*WHAT TO WORK ON*. Look below for the line that contains "In line 9, we'll", then quote it and all the lines after it, exactly, with the pictures left out.
BEGIN EXERCISE MATERIAL
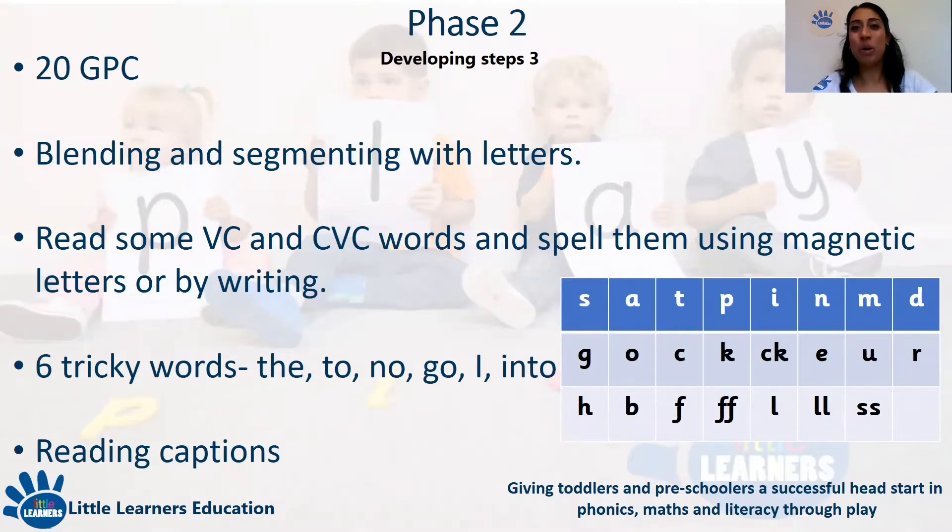Phase two. Once your child is competent within the skills in phase one, they are introduced to recognising the grapheme — which is the letter — which represents the phoneme — which is the letter sound. For example, the letter S makes the sound 's'. This typically begins when a child joins reception. Phase two builds upon the oral blending and segmenting of the previous phase, and children progress from oral blending and segmenting to blending and segmenting with letters. They are taught the grapheme-phoneme correspondence for 20 letters, and that phonemes can be represented by more than one letter — for example, in the word 'fin' the F is represented as a single F, and in the word 'huff' the F is represented as a double F.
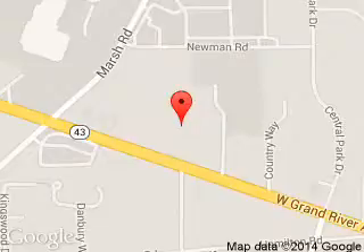We are located at 1830 West Grand River Avenue, Okemos, Michigan, 48864.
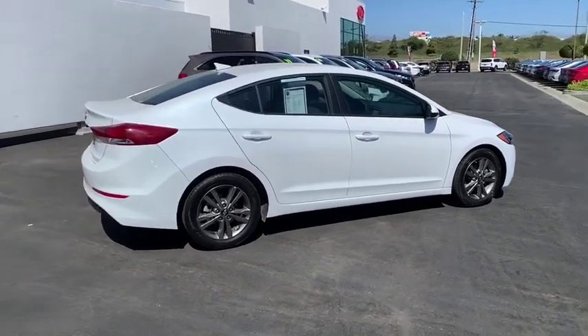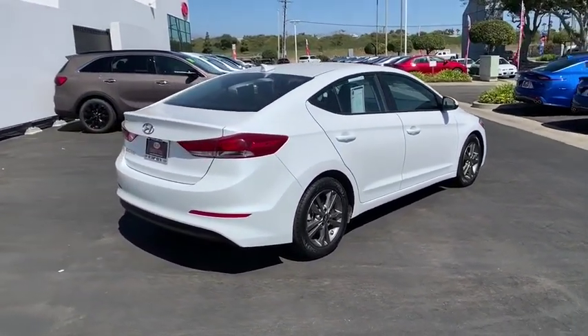This vehicle has less than 50,000 miles. Here are some of this vehicle's great options.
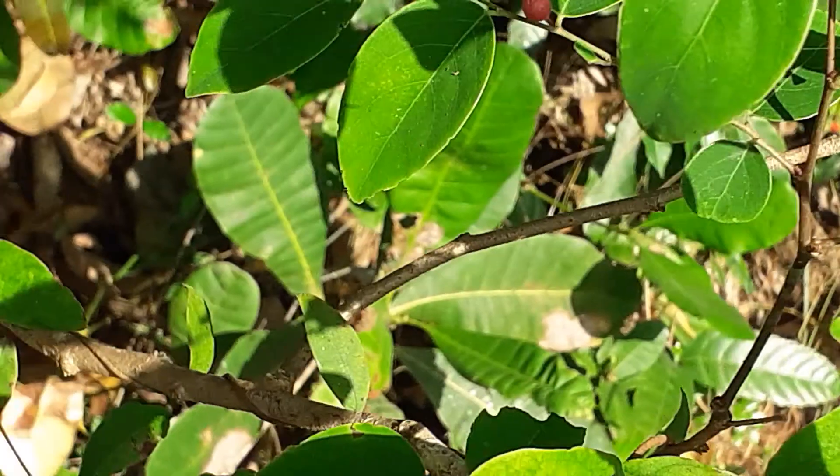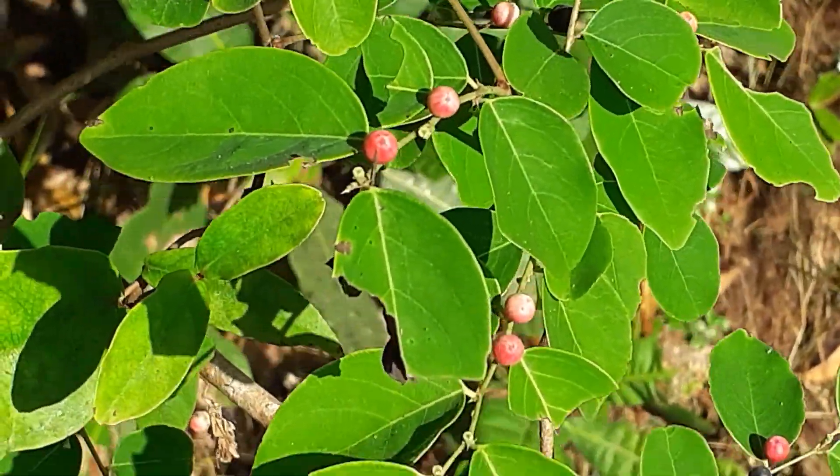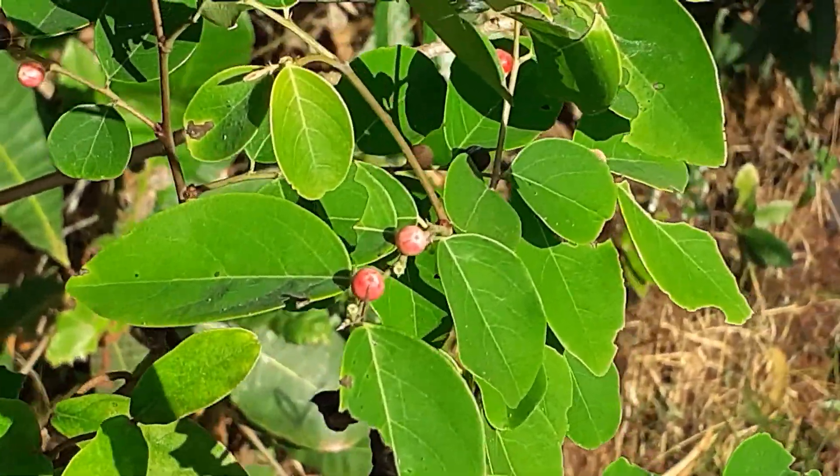In a good location it becomes quite a large shrub, and once or twice a year these red berries appear. That's how we can identify it.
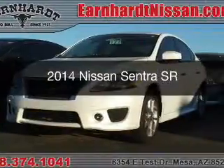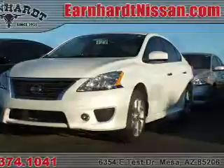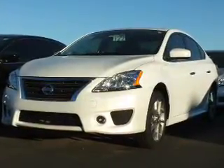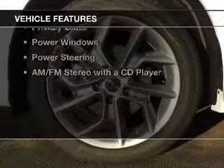This is a new 2014 Nissan Sentra. It's powered by front wheel drive, a 1.8 liter reliable engine, and a continuously variable transmission.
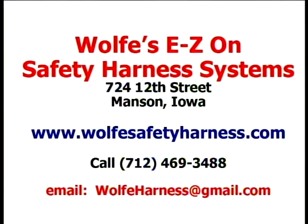For more information about our product, including pricing and how to order, visit us on the web at WolfSafetyHarness.com. Call us today at 712-469-3488 or drop us an email at WolfHarness@gmail.com.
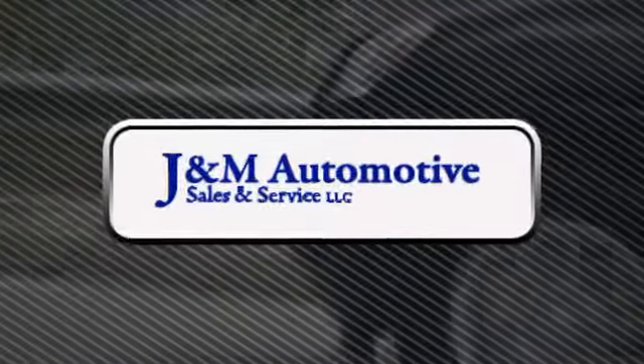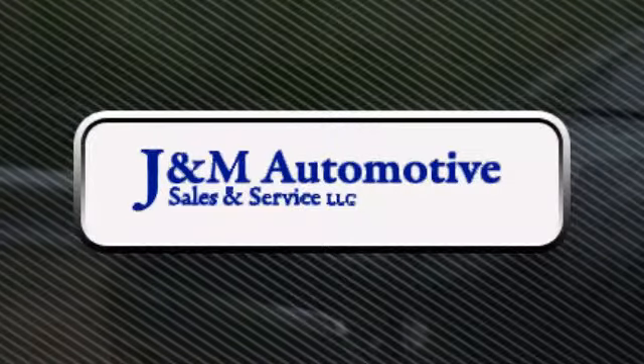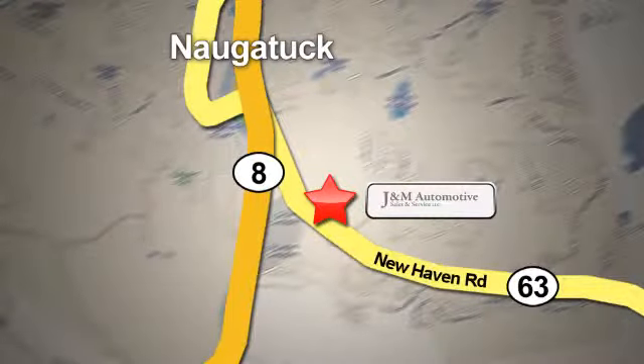You'll see a difference at J&M Auto Sales. Call or stop in today. We are conveniently located at 820 New Haven Road in Naugatuck, Connecticut.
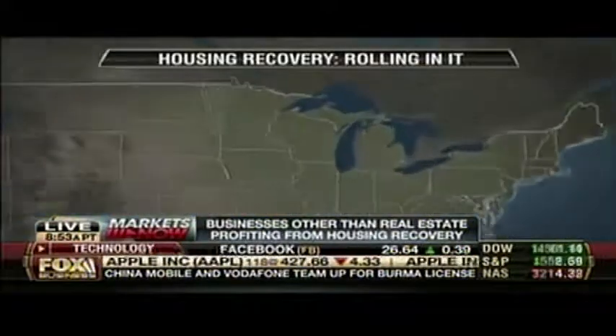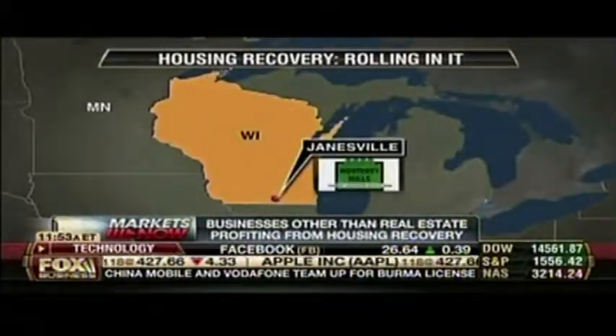Some companies that are not in real estate are still benefiting from the recent recovery in the housing market. Jeff Flock today in Janesville, Wisconsin, with a company that has the distinction of being the largest maker of paint roller fabric in all of North America.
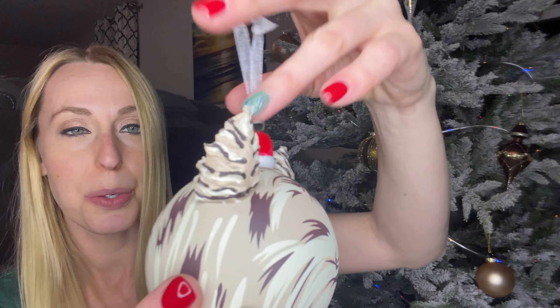I'm gonna go ahead and put them on my Christmas tree here. And then we've got the kitty cat and the doggie. So cute.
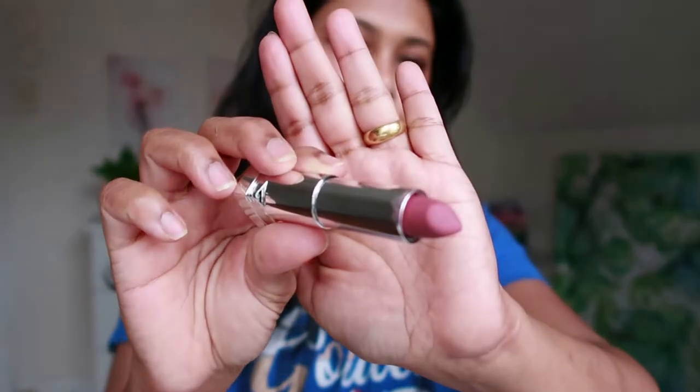The shade is a beautiful nude shade. Beautiful shade, isn't it?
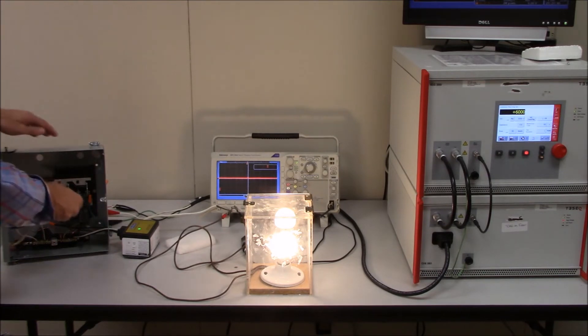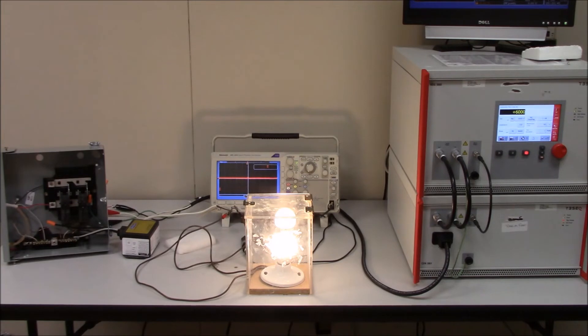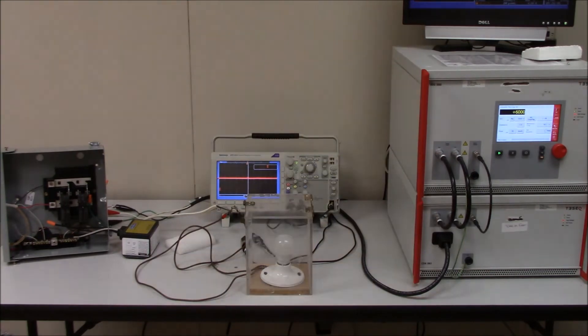Now let's go in and turn off the SineTamer unit. We will charge the generator one more time and witness the results on our moderately expensive LED light bulb. The capacitor is charged in the generator. We will release the surge and witness the results. The light bulb has been destroyed with just a single impulse of 6000 volts and 3000 amps.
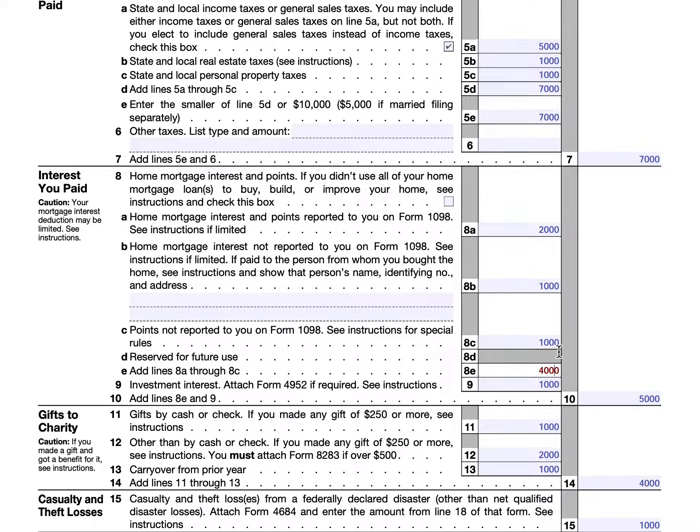In line 9, we'll include investment interest, which if applicable you would probably file IRS Form 4952, which reports out your investment interest calculations. This would be interest that accrues on money that you borrowed for investment purposes. We'll add line 8E to line 9 and arrive at $5,000. This is the tax deduction for interest that you paid over the course of the year.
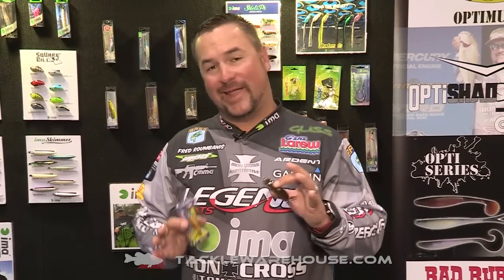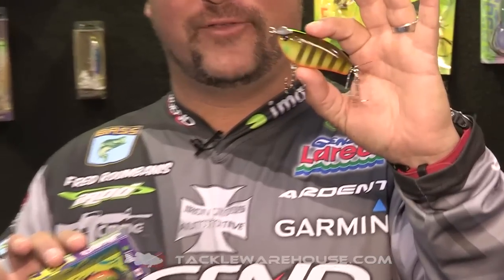Hey guys, Fred Roumbanis here at ICAST 2015. You know I'm a topwater enthusiast. Ima has come out with a prop bait called the Helips — some people call it the Healy P — but now they've enlarged it to a grande size.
END EXERCISE MATERIAL
*SOLVED EXERCISE*.
In line 9, we'll include investment interest, which if applicable you would probably file IRS Form 4952, which reports out your investment interest calculations. This would be interest that accrues on money that you borrowed for investment purposes. We'll add line 8E to line 9 and arrive at $5,000. This is the tax deduction for interest that you paid over the course of the year.
Hey guys, Fred Roumbanis here at ICAST 2015. You know I'm a topwater enthusiast. Ima has come out with a prop bait called the Helips — some people call it the Healy P — but now they've enlarged it to a grande size.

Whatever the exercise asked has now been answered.